Daniel a auditionné pour faire partie de la troupe avec laquelle on
a monté ce spectacle au Palais des Sports. Et Daniel était l'un d'entre
eux avec son frère (Guy).
A l'époque il est venu auditionner avec son frère... C'était des tout
petits rôles et Daniel débutait.
Daniel n'avait pas encore fait son premier disque. Je crois qu'il préparait
son premier disque...ou qu'il en avait déjà fait un ?. Et comme il le
disait lui-même, je crois qu'il s'était vendu à 745 exemplaires. Il
préparait l'album qui allait faire de lui Daniel Balavoine.
Léo Missir: Dans l'orchestre de Patrick Juvet, il y avait un
garçon qui chantait dans les choeurs. Et quand j'ai écouté le disque
que Patrick avait enregistré à Londres, j'ai entendu une voix qui n'était
pas celle de Patrick Juvet, qui m'a surpris, qui m'a étonné, qui m'a
ravi.
Et puis, j'ai demandé à Florence Aboulker - qui à l'époque s'occupait
de Patrick Juvet - que viens faire cette voix alors que c'est un disque
de Patrick Juvet ?.
Elle me dit : "...Est-ce que ça te plaît ?...".
Je dis : "...Mais je trouve ça extraordinaire. C'est un garçon qui
a une voix superbe...".
Elle me dit : "...En plus de ça, la chanson qui est là, c'est un
cadeau qu'a fait Patrick Juvet à ce jeune garçon, c'est une chanson
de lui...".
Elle s'appelait "Couleur d'automne". C'est une très très belle
chanson qui m'avait emballé.
J'ai dit : "...Mais je veux absolument voir ce garçon. Il faut que
tu m'amènes ce garçon le plus rapidement possible...".
Ca se passait en 75. C'est à dire que j'avais 50 ans puisque je suis
né en 1925.
J'avais fait une très très belle carrière jusque là chez Barclay où
j'avais découvert beaucoup d'artistes.
Mais les gens commençaient à dire : "...Oh Léo...il ne comprend plus
rien...tu te rends compte le gars qu'il vient d'engager...ce garçon,
ça ne pourra jamais marcher...ce n'est pas possible...cette espèce de
voix qu'il a...aiguë...avec la tête qu'il a...le physique qu'il a...ça
ne marchera jamais...".
Et moi, je n'ai pas bougé.
J'ai dit à Monsieur Barclay : "...Ecoutez Monsieur, vous m'avez toujours
fait confiance jusqu'à présent. Personnellement, j'y crois dur comme
fer. Je sais que j'ai tout le métier contre moi. Je suis persuadé que
ce garçon, un jour, va marcher très fort. Je ne vous dis pas qu'il va
marcher au premier disque. Peut-être pas au deuxième non plus. Mais
je suis sûr qu'au troisième disque les gens vont s'habituer à sa voix,
vont s'habituer à son physique, et surtout à son intelligence...".
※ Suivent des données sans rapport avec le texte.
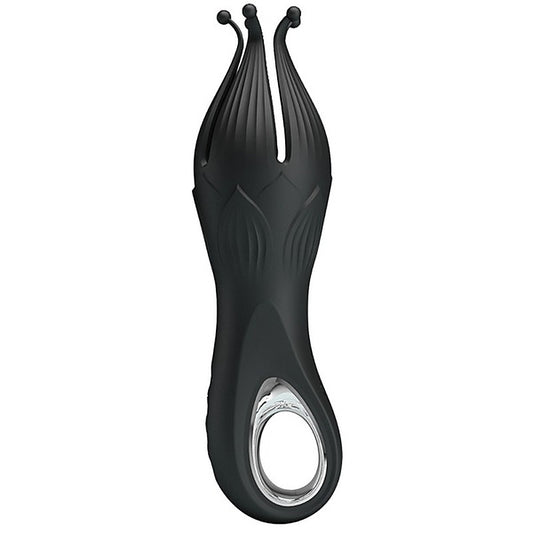 Arella Rechargeable Clitoral Massager by Baile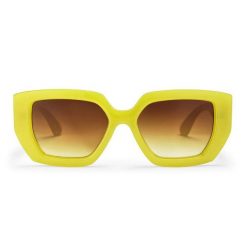 Okulary CHPO Hong Kong lemon 16133OB. Żółte okulary przeciwsłoneczne CHPO BRAND. Za 190.35 zł.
Parce que c'était la première fois que je rencontrais enfin quelqu'un
qui savait parler.
... J'avais à l'époque un petit bouc.
Il (Daniel) me disait : "...Mais pourquoi vous gardez ce bouc ?...
Vous êtes plus jeune que nous de coeur et vous avez ce bouc qui vous
vieillit...".
Alors je lui dis : "...Ecoute, je te promets que le jour où tu vends
300 000 disques, je couperai mon petit bouc...".
Et un matin, je l'appelle chez lui, et je lui dis : "...Daniel, est-ce
que tu veux passer me voir ?. J'ai une chose à te dire...".
J'avais appris le matin par le service commercial, que nous étions arrivés
à 300 000 disques.
Le jour même, j'ai coupé mon bouc. Il est rentré dans mon bureau.
Il m'a vu sans bouc et il me dit : "...Léo, on a vendu 300 000 disques
?...".
Je lui dis : "Oui, on a vendu 300 000 disques...".